[HDR-photo] Color shift when converting to HDR with Photomatix
Royce Howland
royce at cospring.com
Sat Mar 24 14:51:15 EST 2007
Jim Bell wrote:
> [...] It looks like maybe Photomatix is not interpreting the
> white balance in the metadata correctly. If I convert a nicely exposed
> RAW file into an HDR and then look at the original file vs the new HDR
> image, the result is always way too much yellow in the HDR. Any thoughts?

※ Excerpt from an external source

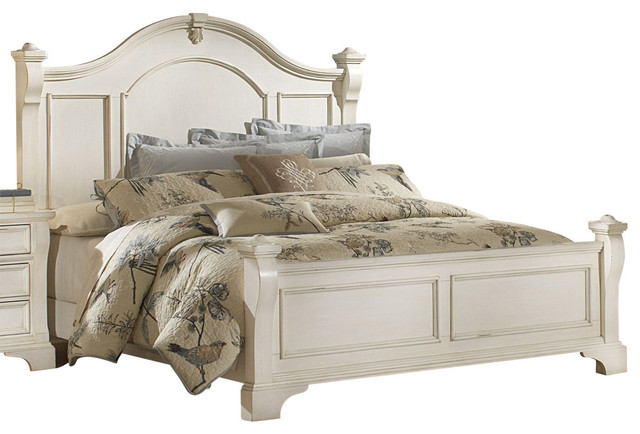 American Woodcrafters Heirloom Collection King Poster Bed, Antique 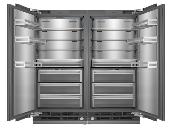 Pareja Columnas All Refrigerator -  All Freezer 72" (180 cm) Marca: BENESSI Modelos: BKR36P + BKF36P Color: Panelable ($20,878 USD) (05  2026)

In my experience, the interpretation of white balance information varies
across different RAW converter engines. Photomatix uses an engine called
dcraw, and I'd expect any other dcraw-based application to convert the
same file with the same look in terms of WB. Likewise I would expect
Lightroom and Adobe Camera Raw to look the same since they both use the
same engine -- ACR. However different RAW converters like Capture One,
ACR/LR, Aperture, the camera vendor's software, etc. may look different
than Photomatix (and each other).
You can adjust the WB in Photomatix when blending multiple RAW files
together. However when doing "pseudo-HDR" processing of a single RAW
file there is no option to adjust the WB and what is used is the "as
shot" WB. In that case, if you prefer it to look different your best bet
is to convert the RAW in your favorite converter and feed a 16-bit TIFF
to Photomatix. We had a discussion here a few weeks ago about the
relative benefits of doing separate RAW conversion vs. using Photomatix
to process RAW's; if you search the list's archives you'll find it.
Note that there also may be some color management issues at work here.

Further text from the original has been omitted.